The Convention on the Protection of the Alps is a statutory EU body set up in 1991 and its magisterial second report, published tomorrow, which has been seen by The Independent, reveals that the northern ranges of the Alps are suffering ever more serious flooding while the parched southern mountains see less and less snow.

According to the report, precipitation in the south-east of the region has fallen nearly 10 per cent in the past 100 years while rain and snowfall in the north-west ranges has increased by the same amount over this time.

"Predictions that the European climate is dividing into two are becoming all too real," said Marco Onida, secretary general of the Convention, who will present the report at the organisation's headquarters in Bolzano, Italy, tomorrow, in the presence of EU officials and national representatives. "The result will be havoc for the Alps and the communities and wildlife that rely on area."

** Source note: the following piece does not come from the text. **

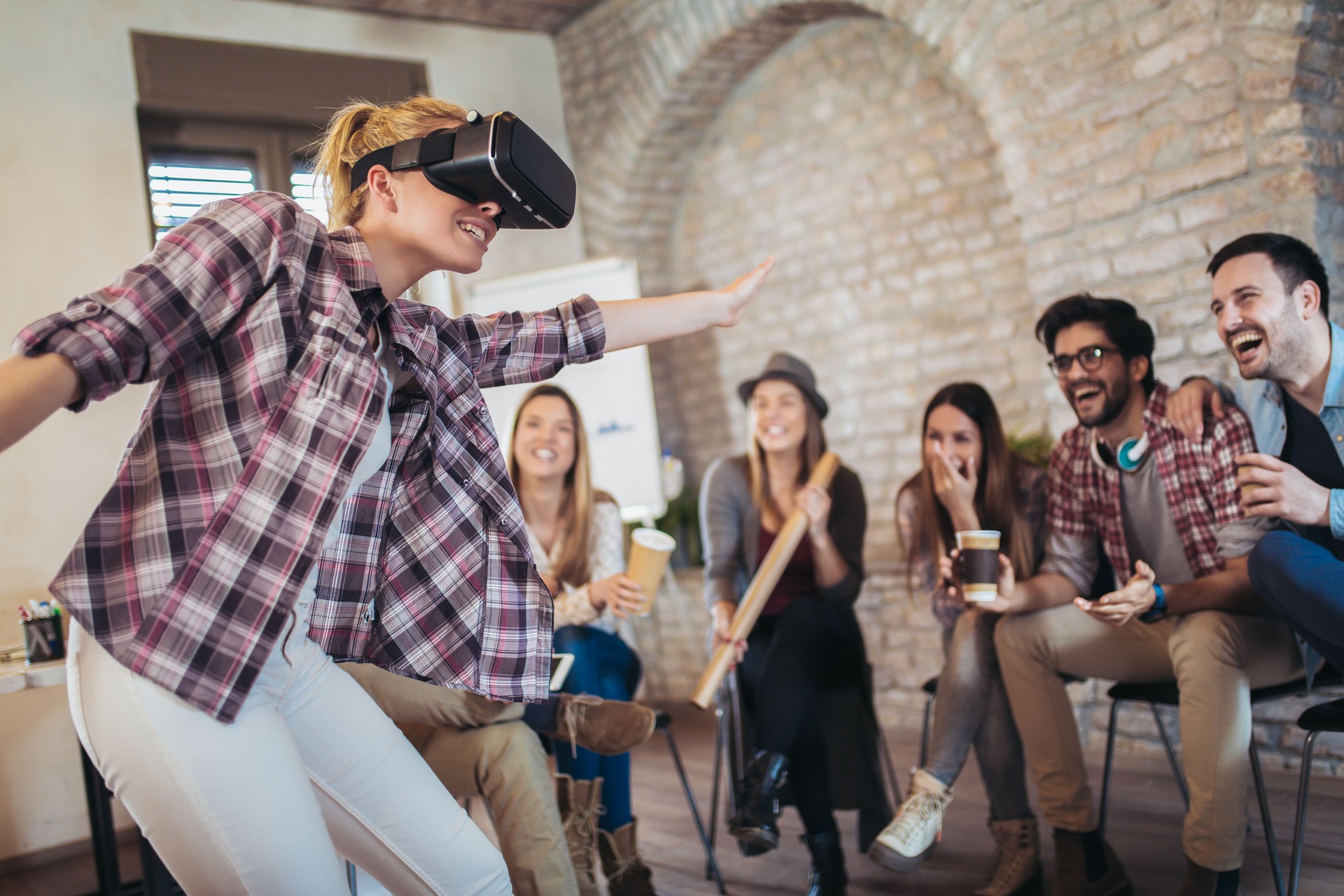 Business people using VR glasses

Changing patterns of rain and snowfall, shrinking glaciers and rising temperatures will affect not only the mountains but also the communities which rely on their resources, the report warns. Already some Alpine villages in the north of the range face flooding, while areas further south are seeing tourist and other trades increasingly threatened. Some areas have already suffered water shortages.

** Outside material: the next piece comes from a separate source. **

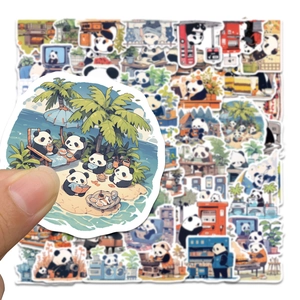 Close-up of waterproof panda stickers showing diverse cartoon patterns and die-cut edges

The Alps' most famous high peaks, Mont Blanc, The Matterhorn and Monte Rosa mark part of the dividing line between the increasingly wet north of the region and Italy and Slovenia in the dryer south.

North of the dividing line, flooding and mud slides are becoming a common threat in some Alpine communities. In the south, some of the Europe's most celebrated Alpine beauty spots, including Italy's Dolomites are under threat, although some micro-climates mean the dividing line does not following a rigid north-south line.

As a result of these changes, only one Alpine river – Italy's 178-mile-long Tagliamento in the north-east of the country – has not suffered drastic modifications, the reports says. And even the Tagliamento may not be safe: the wildlife charity WWF has warned that even this, the Alps' last river system, is threatened by water abstraction in the upper Tagliamento valley, organic pollution, and gravel exploitation.

The situation across the Alps is made worse, the Convention report says, by the increasing demand for artificial snow created during the winter months by snow machines working on the ski slopes. This is needed to sustain the winter sports industry which is an economic mainstay of the slopes, but places a further heavy burden on water and energy supplies which are already under great stress.

"The Alps are the water tower of Europe," Dr Onida told The Independent, "But increasingly much of the water is not reaching the places downstream where it is needed, for ecosystems, agriculture and energy production."

Around 16 million people in eight countries, from France in the west to Hungary in the east, live in the arc of Europe's biggest mountain range. Rain and snow from its mountains provide the Danube, Rhine, Rhone and Po rivers with up to 80 per cent of their water.

Representatives from all eight Alpine countries – France, Italy, Germany, Switzerland, Austria, Lichtenstein, Slovenia and Hungary – together with the European Union – signed up to the Alpine Convention in 1991.

The report warns not only that the destruction of the Alps is accelerating, but that disruption to water supplies will be felt much further afield than originally thought.

Glacier shrinkage earlier this year led the Italian and Swiss governments to propose the first changes in the border line between the two countries in more than a century.

Dr Onida said there was "a battle between agriculture and tourism for control over water supplies" owing to the increasingly intensive exploitation of the slopes.

Climate change is also driving Alpine species further up the mountains while exotic species including palms get a foothold lower down.